M.  Rousseau a pris très au grave la lettre du roi de Prusse, fabriquée à Paris par M.  Walpole[1]. Il est naturellement porté à croire aux complots, aux noirceurs ; ainsi, selon lui, cette lettre couvre un grand mystère de la plus profonde iniquité. Tout ce mystère se réduit à égayer un peu le public aux dépens d’un auteur qui n’est pas gai. Si le monarque prenait les choses aussi vivement que l’auteur, si Frédéric était de l’humeur de Jean-Jacques, cette lettre pourrait devenir le sujet d’une guerre sanglante. Elle a été imprimée en français et en anglais dans les papiers publics de Londres, et M.  Rousseau vient d’écrire, à ce sujet, à l’auteur du London Chronicle, la lettre suivante[2] :


« À Wootton, le 3 mars 1766.

« Vous avez manqué, monsieur, au respect que tout particulier doit aux têtes couronnées, en attribuant publiquement au roi de Prusse une lettre pleine d’extravagance et de méchanceté, dont, par cela seul, vous deviez savoir qu’il ne pouvait être l’auteur. Vous avez même osé transcrire sa signature, comme si vous l’aviez vue écrite de sa main. Je vous apprends, monsieur, que cette lettre a été fabriquée à Paris, et, ce qui navre et déchire mon cœur, que l’imposteur a des complices en Angleterre. Vous devez au roi de Prusse, à la vérité et à moi, d’imprimer la lettre que je vous écris, et que je signe, en réparation d’une faute que vous vous reprocheriez sans doute si vous saviez de quelles noirceurs vous vous rendez l’instrument. Je vous fais, monsieur, mes sincères salutations. »
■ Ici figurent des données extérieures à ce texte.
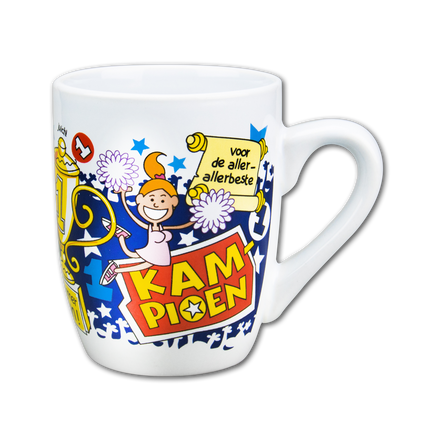 Taza Champion 12cm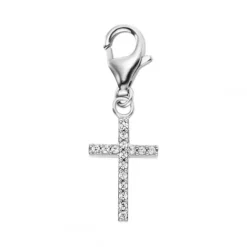 Engelsrufer (Kette mit) Kreuz-Kreuz Charm - ERC-LILCROSS-ZI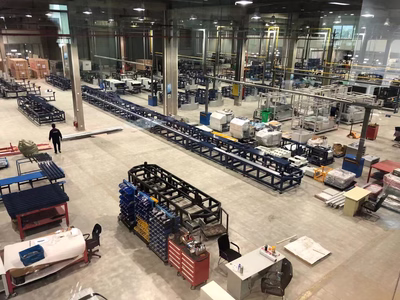 Adelco's machinery factory in Kunshan, China.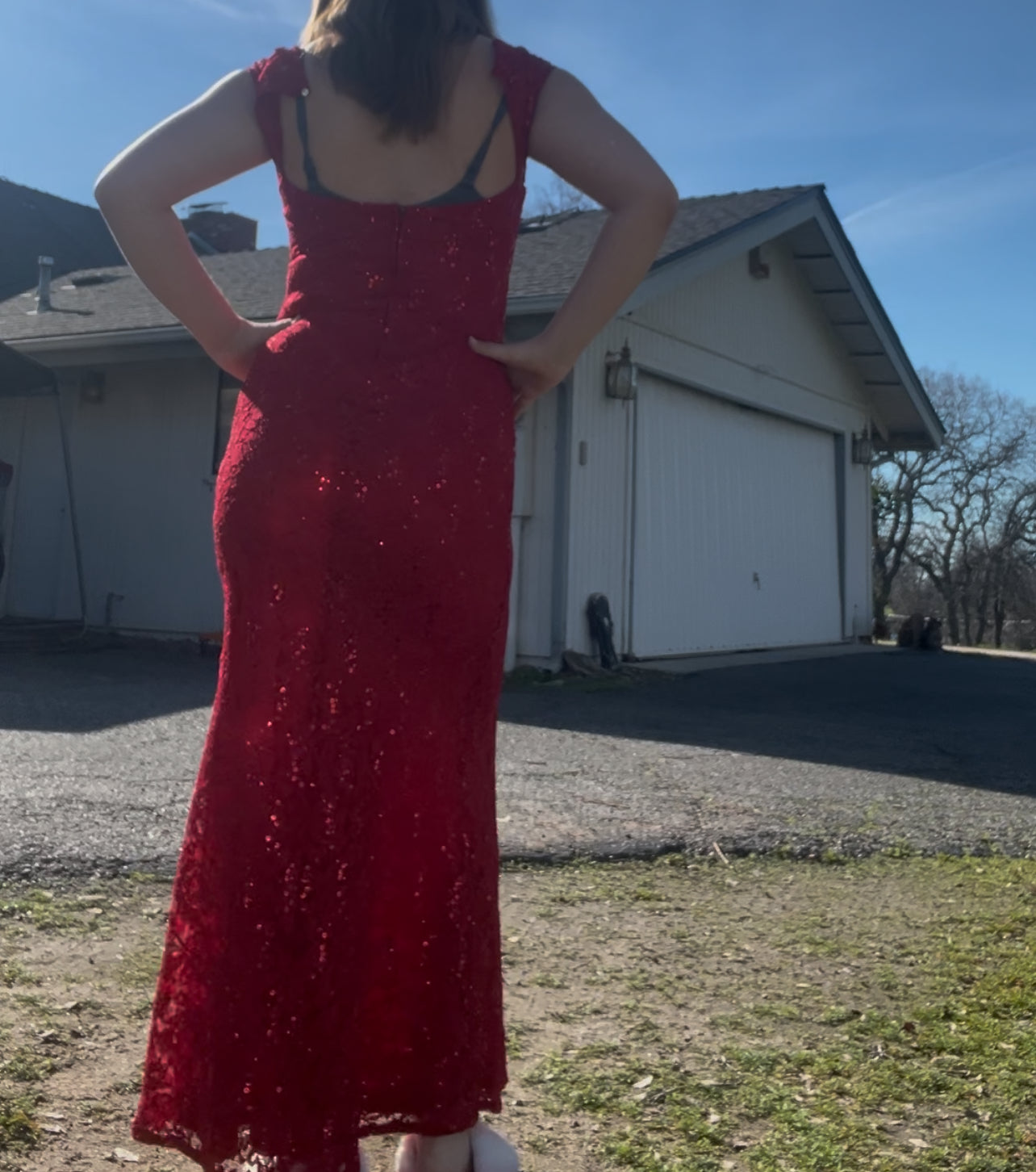 La scala USA red dress size large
« Signé : J.‑J. Rousseau. »

M. Walpole vient de retourner en Angleterre, et il ne tient qu’à la chambre des communes, dont il est membre, de lui

  1. Voir tome VI, page 456.
  2. Elle se trouve dans les Œuvres de Rousseau, notamment dans l’édition in-8o donnée par M.  de Musset-Pathay, tome XXI, p. 52 ; mais elle y est adressée à l’auteur du Saint-James Chronicle, et datée du 7 avril 1766. (T.)